By Johnny Chadda -

Indexing docs and websites using Github Actions

With Opper Indexes and GitHub Actions, you can automate the process of indexing your documentation, ensuring that your content is always up to date and easily retrievable. This blog post will guide you through setting up GitHub Actions to automatically index your documentation and website content into Opper Indexes.

What are Opper Indexes?

Opper Indexes are databases with advanced semantic retrieval capabilities that allow you to store and search for information based on semantic similarity. This means you can query your documentation not just with exact keywords but with conceptually similar queries, making it much easier for users to find the information they need.

For example, if a user searches for "how to configure authentication", an Opper Index can retrieve relevant sections about "setting up login credentials" or "user authorization setup", even if those exact keywords weren't used in the query.

Why Use GitHub Actions for Indexing?

GitHub Actions allows you to automate workflows directly from your repository. By integrating Opper with GitHub Actions, you can:

  1. Automatically index documentation when changes are pushed to your repository
  2. Ensure your indexes are always up-to-date with the latest content
  3. Integrate indexing into your existing CI/CD pipeline
  4. Eliminate manual work in keeping your documentation searchable

Setting Up the Opper Index GitHub Action

Opper provides two GitHub Actions for indexing content:

  1. opper-index-action: For indexing repository files (documentation, code, etc.)
  2. opper-web-indexer-action: For scraping and indexing website content

Let's look at how to set up both.

Indexing Repository Files

To index your repository files, you'll need to create a GitHub workflow file.
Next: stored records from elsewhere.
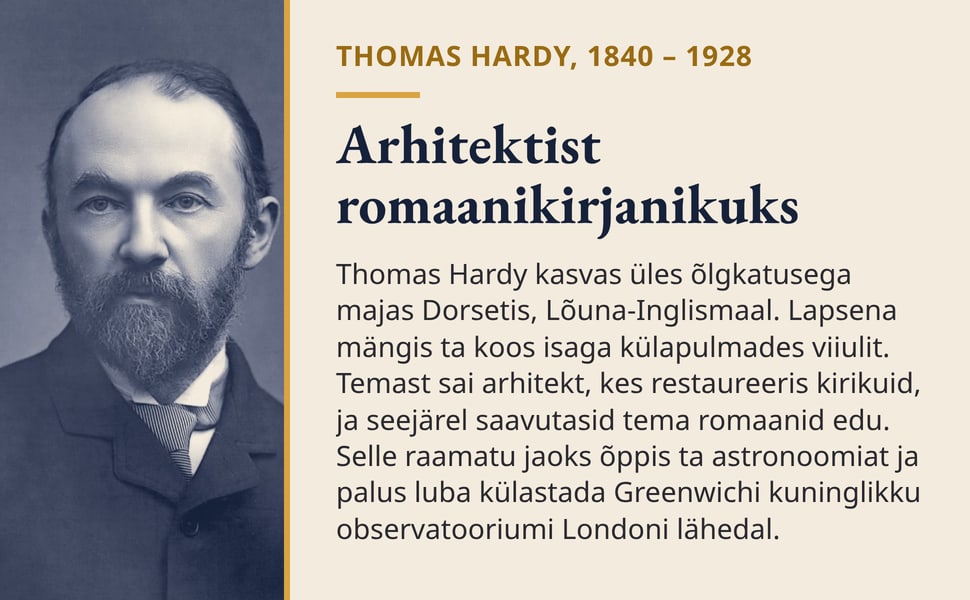 Arhitektist romaanikirjanikuks. Thomas Hardy kasvas üles õlgkatusega majas Dorsetis, Lõuna-Inglismaal. Lapsena mängis ta koos isaga külapulmades viiulit. Temast sai arhitekt, kes restaureeris kirikuid, ja seejärel…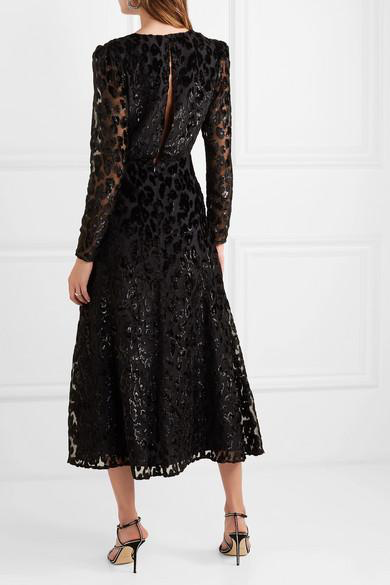 Self Portrait - Robe midi léopard métallisé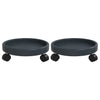 Set 2 Carrelli per Piante in Polietilene Ø 34 cm Grigio, Portata 35 kg - immagine 2 | SolPatio - Image 2 of 8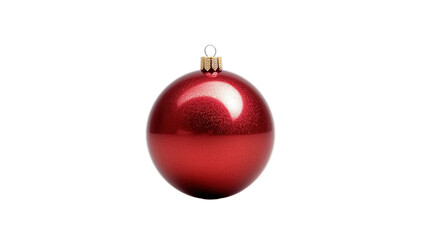 Christmas red baubles isolated on transparent background, Generative ai.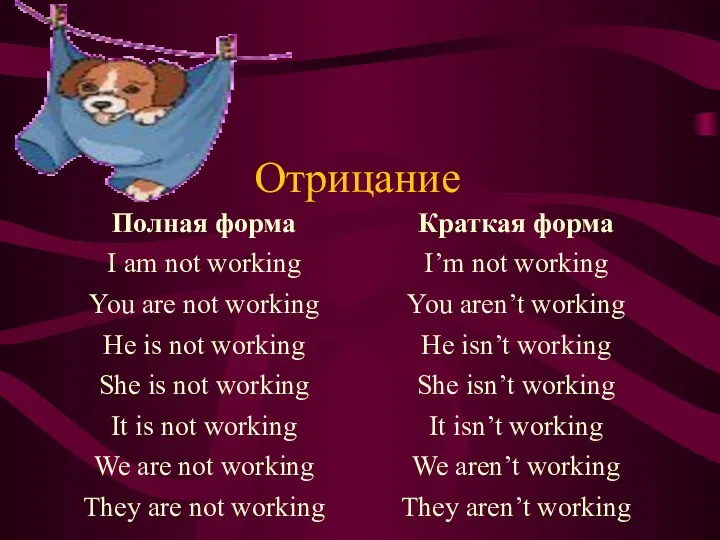 Отрицание Полная форма I am not working You are not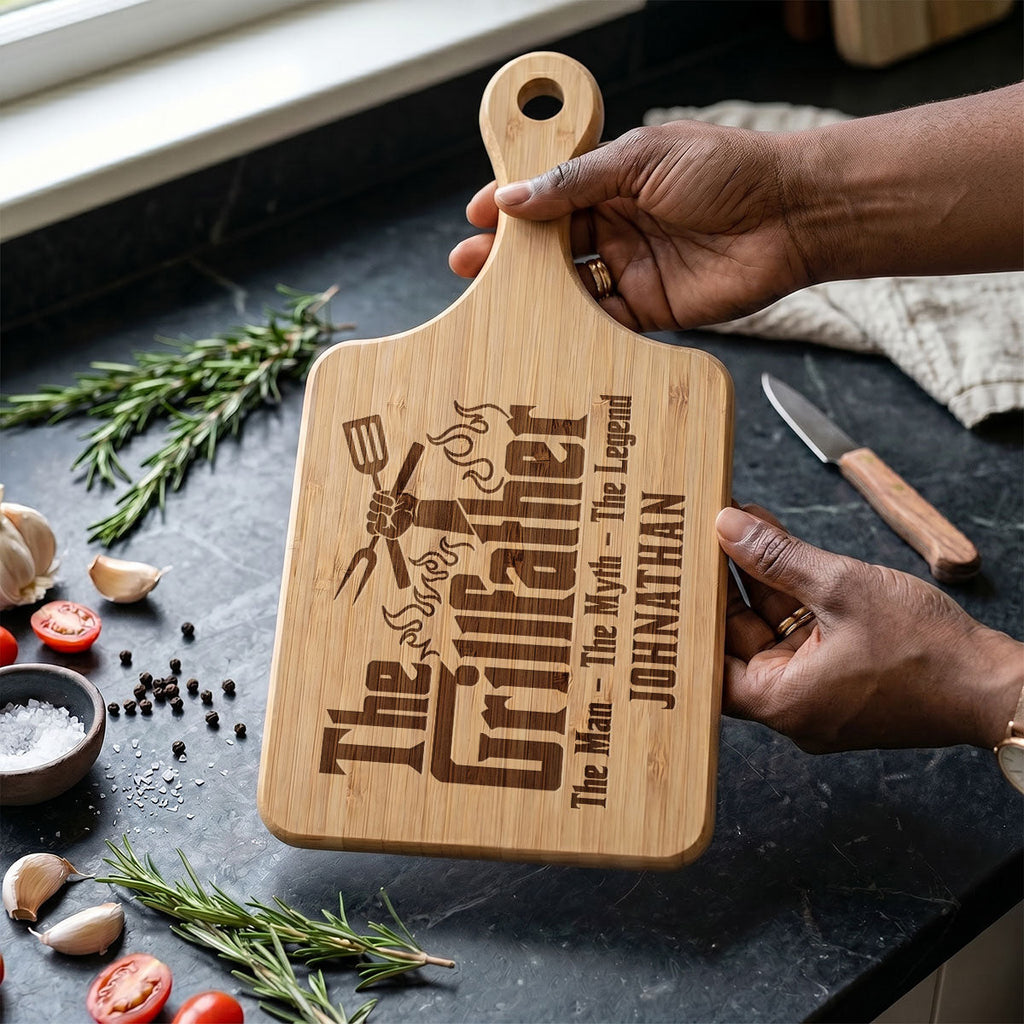The Man, The Myth, The Grill Master - Personalized Cutting Board With Handle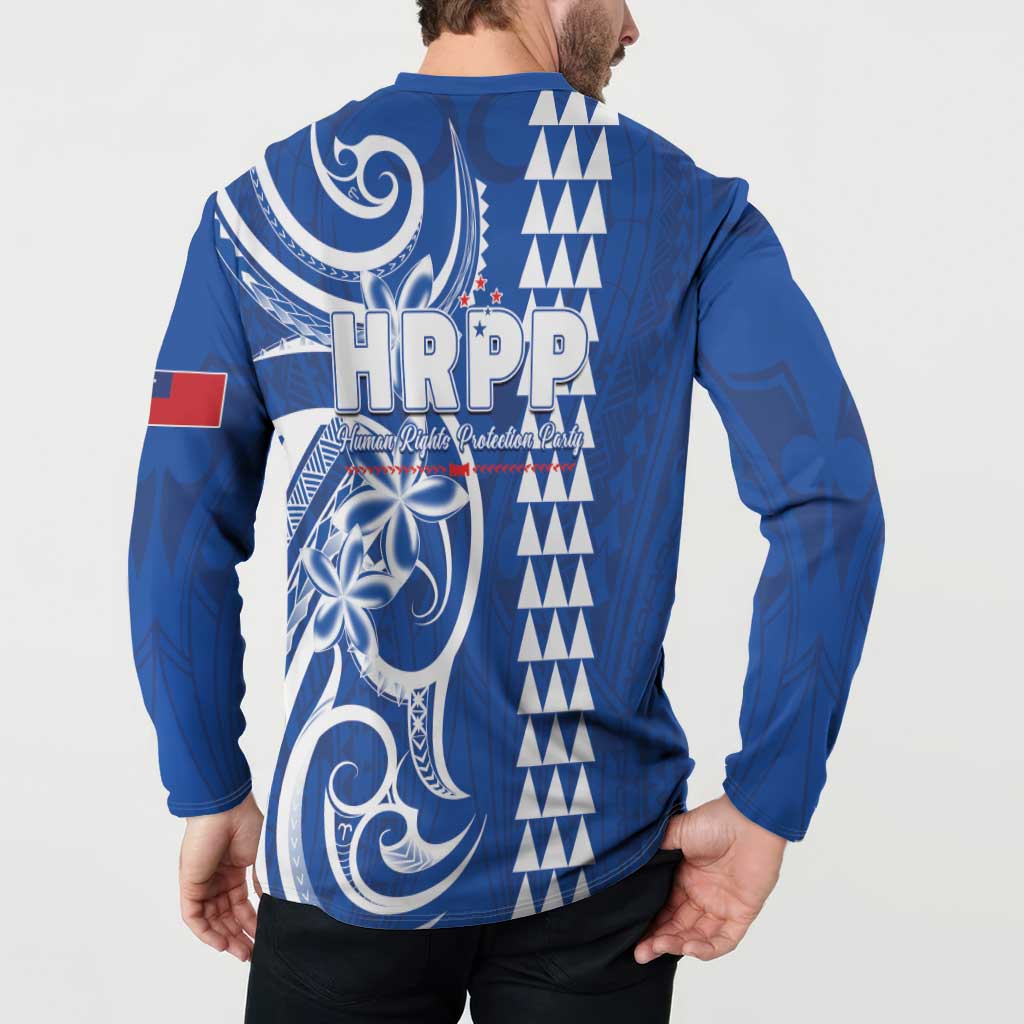 Samoa HRPP Party Button Sweatshirt Polynesian Pattern LT05 - Polynesian Pride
Here's a basic example:

name: Index Docs in Opper
on:
  push:
    branches: [main]
jobs:
  index-docs:
    runs-on: ubuntu-latest
    steps:
      - uses: actions/checkout@v3
      - name: Index docs in Opper
        uses: opper-ai/opper-index-action@v1
        with:
          apikey: ${{ secrets.OPPER_API_KEY }}

This simple workflow will run whenever changes are pushed to the main branch, indexing all Markdown (.md), MDX (.mdx), and text (.txt) files in your repository by default.

Customizing Your Indexing

You can customize various aspects of the indexing process:

Specifying a Custom Folder

If you only want to index files in a specific directory, such as a docs folder:

name: Index Docs in Opper
on:
  push:
    branches: [main]
jobs:
  index-docs:
    runs-on: ubuntu-latest
    steps:
      - uses: actions/checkout@v3
      - name: Index docs in Opper
        uses: opper-ai/opper-index-action@v1
        with:
          folder: 'docs'
          apikey: ${{ secrets.OPPER_API_KEY }}
          index: 'my-custom-index'

Indexing Different File Types

You can specify which file types to index:

name: Index Docs in Opper
on:
  push:
    branches: [main]
jobs:
  index-docs:
    runs-on: ubuntu-latest
    steps:
      - uses: actions/checkout@v3
      - name: Index docs in Opper
        uses: opper-ai/opper-index-action@v1
        with:
          apikey: ${{ secrets.OPPER_API_KEY }}
          file_types: '.md .mdx .txt .html .js'

Indexing Website Content

If you want to index your website content rather than repository files, you can use the web indexer action:

name: Index Website in Opper
on:
  push:
    branches: [main]
jobs:
  index-website:
    runs-on: ubuntu-latest
    steps:
      - name: Index website in Opper
        uses: opper-ai/opper-web-indexer-action@v1
        with:
          apikey: ${{ secrets.OPPER_API_KEY }}
          url: 'https://example.com'
          index: 'my-website-index'

This action will scrape the specified website and add its contents to an Opper index.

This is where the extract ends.